Al-Akhbar : le dernier-né qui grimpe
Lancé en 2006 pendant la guerre de juillet avec Israël, al-Akhbar a depuis le début une position éditoriale très claire, plus proche du 8 Mars que du 14. Créé avec un capital de 30 millions de livres libanaises provenant de fonds libanais et arabes, al-Akhbar a lentement, mais sûrement gagné des parts de marché et revendique aujourd’hui une distribution de 16 500 exemplaires au Liban et 4 000 en Syrie.
Environ 150 personnes travailleraient à l’élaboration du quotidien, qui est vendu 1 000 livres libanaises en kiosque. Il tournerait avec un budget annuel de plusieurs millions de dollars, dont près de 20 000 dollars sont dédiés au paiement de la licence de presse louée sur 10 ans au Parti communiste libanais.
Al-Balad : un quotidien “de masse”
Lancé en 2003 avec la volonté d’être indépendant, c’est-à-dire sans financement politique, al-Balad serait aujourd’hui le magazine le plus distribué au Liban : il revendique 40 000 abonnés pour sa version arabe et 12 000 pour sa version française, selon Pierre al-Qadi, l’un de ses directeurs éditoriaux.

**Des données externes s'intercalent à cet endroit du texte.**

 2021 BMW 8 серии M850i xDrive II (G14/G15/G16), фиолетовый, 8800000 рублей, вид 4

Avec la distribution en kiosque et la distribution gratuite, le Balad tirerait à 60 000 exemplaires. Il est vendu à 1 000 livres libanaises en kiosque ; il emploierait près de 70 personnes pour ses deux versions.

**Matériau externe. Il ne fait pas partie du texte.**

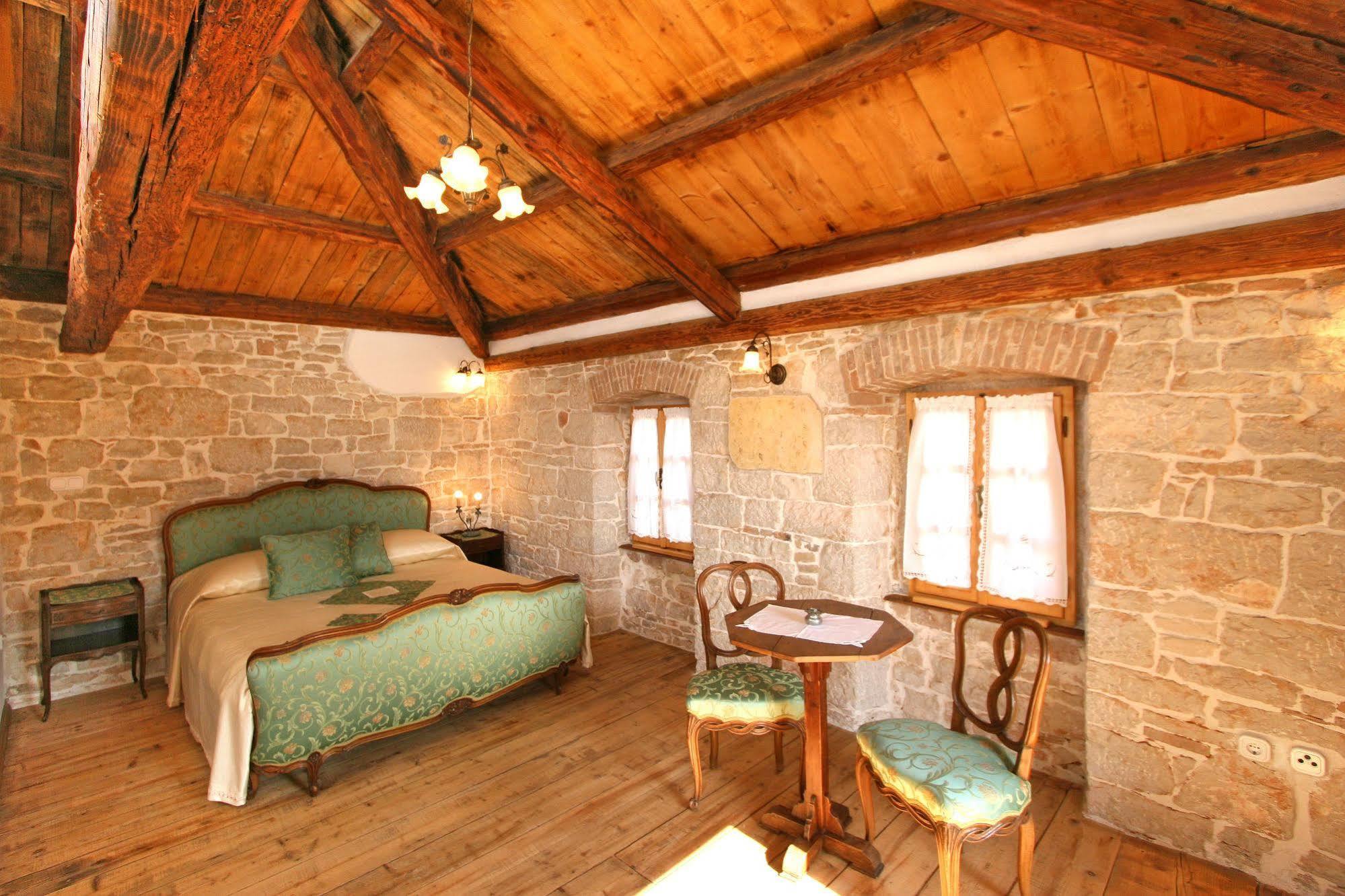 Kastel Kastelir Bed & Breakfast Bagian luar foto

Financé par la publicité et les ventes, il tente de se démarquer en encourageant les opinions de tous bords. Il a longtemps eu pour politique de ne pas avoir de rédacteur en chef ; aujourd’hui, il n’y a toujours pas de rédacteur unique, mais une direction éditoriale composée de trois personnes pour chaque langue. Il s’adresse à un lectorat de masse, avec un focus sur une audience jeune. Chaque année al-Balad organise des campagnes d’abonnements agressives pour étendre son lectorat. Le quotidien est détenu au Liban par la société al-Balad SAL, dont les actionnaires sont Ahmad Baadarani, Marwan Dimas et Riad Kiwan. Al-Balad fait partie du groupe AWI (Al Waseet International), détenu par les Syriens Bachar Kiwan et Majed Suleiman. AWI publie également al-Waseet, Marie-Claire, Layalina, Gala et Topgear.